Anabell is Immediate Past President of the National Association of Hispanic Nurses (NAHN) and serves on multiple national boards, including ANHE and ecoAmerica Health Leadership Circle.  She has been honored as a distinguished alumni by both her alma maters—the University of Arizona and Arizona State University.

Daniel Smith

Daniel J. Smith, PhD, RN, CNE is a doctorally prepared nurse and the Weingarten Endowed Assistant Professors at Villanova University’s M. Louise Fitzpatrick College of Nursing. During my PhD Studies, I was a Robert Wood Johnson Foundation Future of Nursing Scholar, Cohort 5. My overarching research interest lies at the intersection of understanding the effects of climate change on the health outcomes of disenfranchised populations and how we can build climate resilience and adaptation skills in communities & health systems. In addition to my scholarship, I have worked clinical with multiple refugee and immigrant populations in the primary care setting. I am excited to be the co-chair of ANHE’s climate change committee and hope to bring my skills to advance the mission of the committee and the organization.

Anne Hulick

Anne, RN, MS, JD is the Connecticut Director of Clean Water Action/Clean Water Fund and focuses on passing health protective policies aimed at mitigating climate change by promoting energy efficiency and clean, renewable energy, protecting our waters and reducing exposure to toxic chemicals. Anne started her career as a critical care nurse and then as nursing director. She holds a BSN from the University of Hartford and a MS in administration from UCONN. Recognizing that the healthcare system focused on treatment rather than prevention and the links between human impact on the environment and health, Anne pursued a juris doctorate from Western New England College School of Law in order to combine nursing, health policy and the law. She was admitted to the CT Bar in October 2007. Prior to joining Clean Water Action, she served as the environmental health coordinator for the CT Nurses’ Association and was an environmental analyst at CT Department of Energy and Environmental Protection.

Azita Amiri

Dr. Azita Amiri, PhD, RN is an Associate Professor at the University of Alabama in Huntsville, College of Nursing, and a Bloomberg Fellow at Johns Hopkins Bloomberg School of Public Health. Dr. Amiri is a nurse scientist with an interest in Public Health and Environmental Justice. She reaches out to environmental justice communities and educates them about potential environmental exposures and ways to mitigate the exposure. Furthermore, she measures indoor air quality in residential and occupational settings and studies the common indoor air exposures, their concentrations and sources, and their impact on pregnancy outcomes, child health, and well-being of the elderly.

Barbara Sattler

Dr. Sattler is a Professor at the University of San Francisco (USF) and an international leader in environmental health and nursing. She is a founding and active member of the Alliance of Nurses for Healthy Environments.   

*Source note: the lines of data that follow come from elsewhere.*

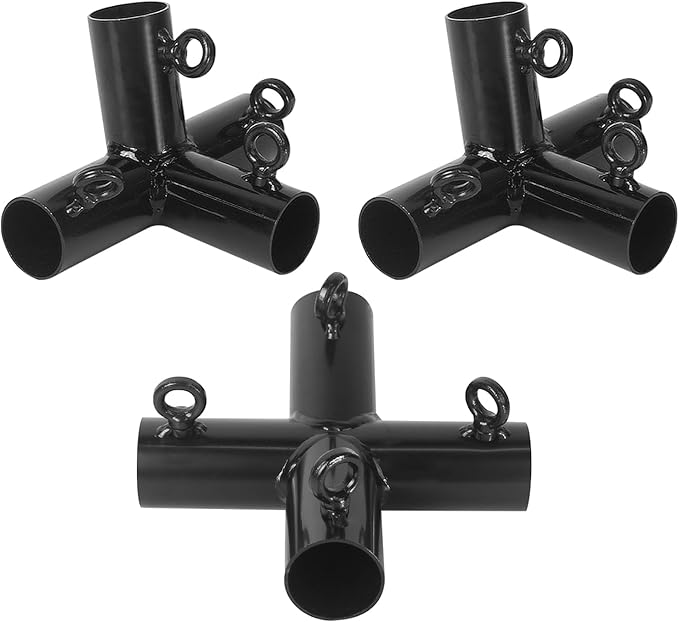 Aoneky 1" Corner Canopy Connector Kit for 3/4 Inch EMT Pipe, Universal Expansion Fittings to Add 2 Legs to Canopy Carport Frame, 156 Degree Peak Angle, Black (2-Legs Set)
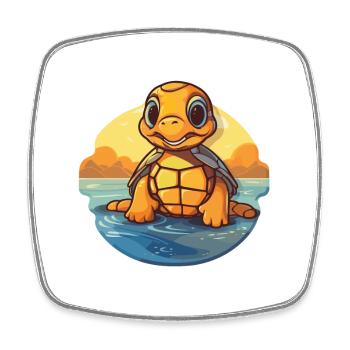Sea Turtle Funny Cartoon Kawaii Beach Illustration - Square fridge magnet - white - Front
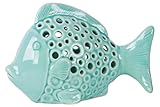 Urban Trends Collection 12976 6 Piece Ceramic Gloss Light Blue Fish Figurine with Round Cutout Sides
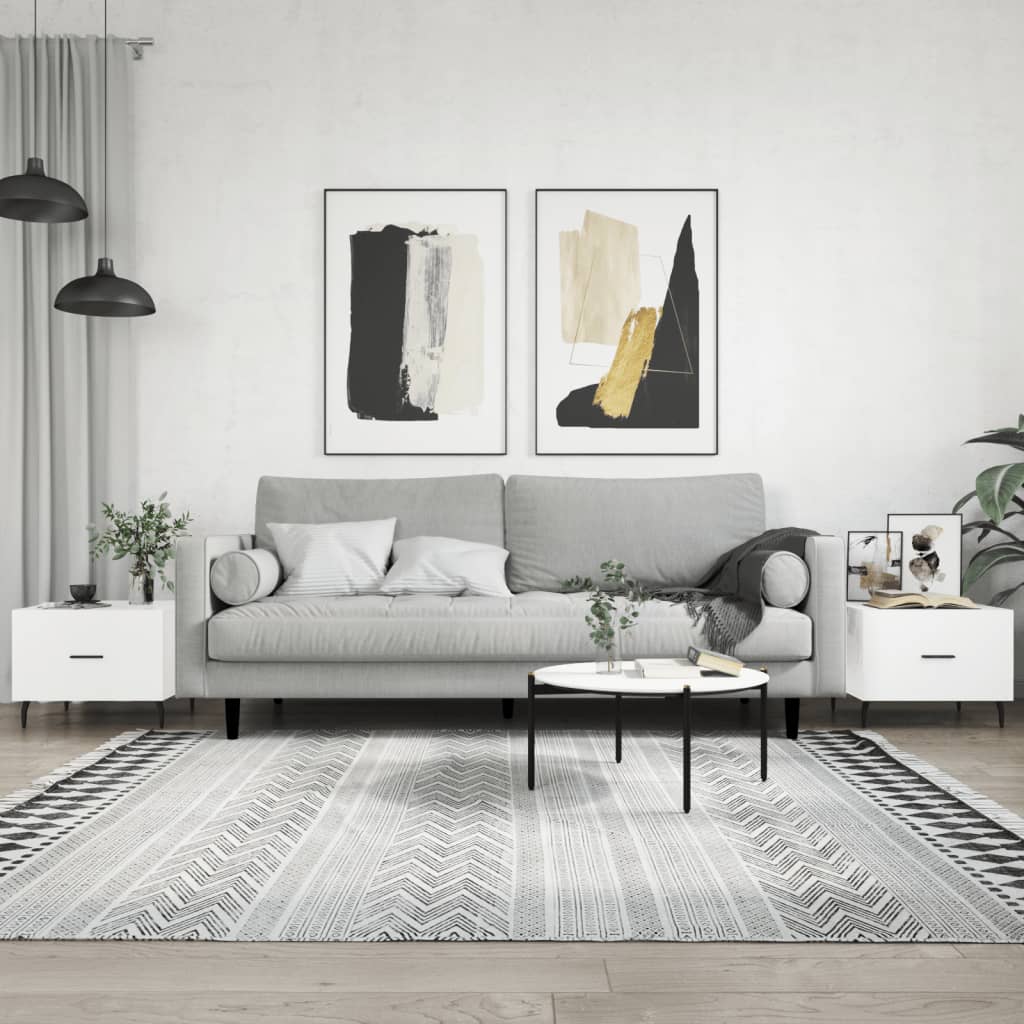 Sofaborde 2 stk Højglans hvid 50x50x40 cm træmateriale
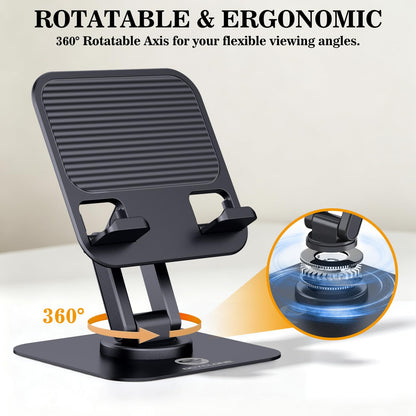 OCYCLONE iPad Stand, 360° Rotating iPad Tablet Stand Holder for Desk, Black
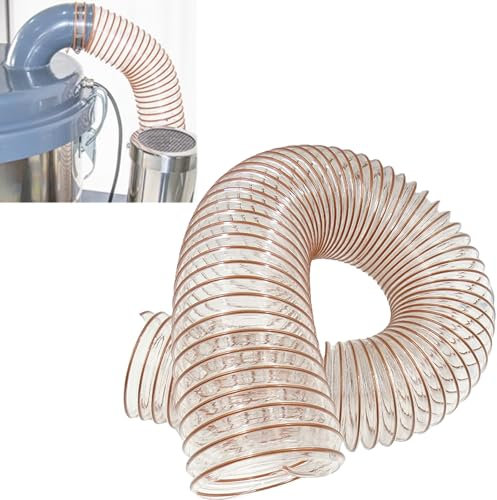 Absaugschlauch Werkstatt-Staubsammelschlauch – transparent, flexibel, Durchmesser 600, 500, 400, 300, 200, 100, 80, 60, 40, 30, 25 mm, PU-Staubabsaugrohr für Holzbearbeitung, integrierter verkupferter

At USF, she teaches environmental health in the Doctor of Nursing Practice and Master of Public Health Programs.  Prior to her position at USF, Dr. Sattler was at the University of Maryland for 25 years where she directed the Environmental Health Education Center in the School of Nursing.   Over the years, Dr. Sattler has lead projects on lead poisoning prevention, greening hospitals, sustainable agriculture, climate change, children’s environmental health, and faculty development programs in environmental health.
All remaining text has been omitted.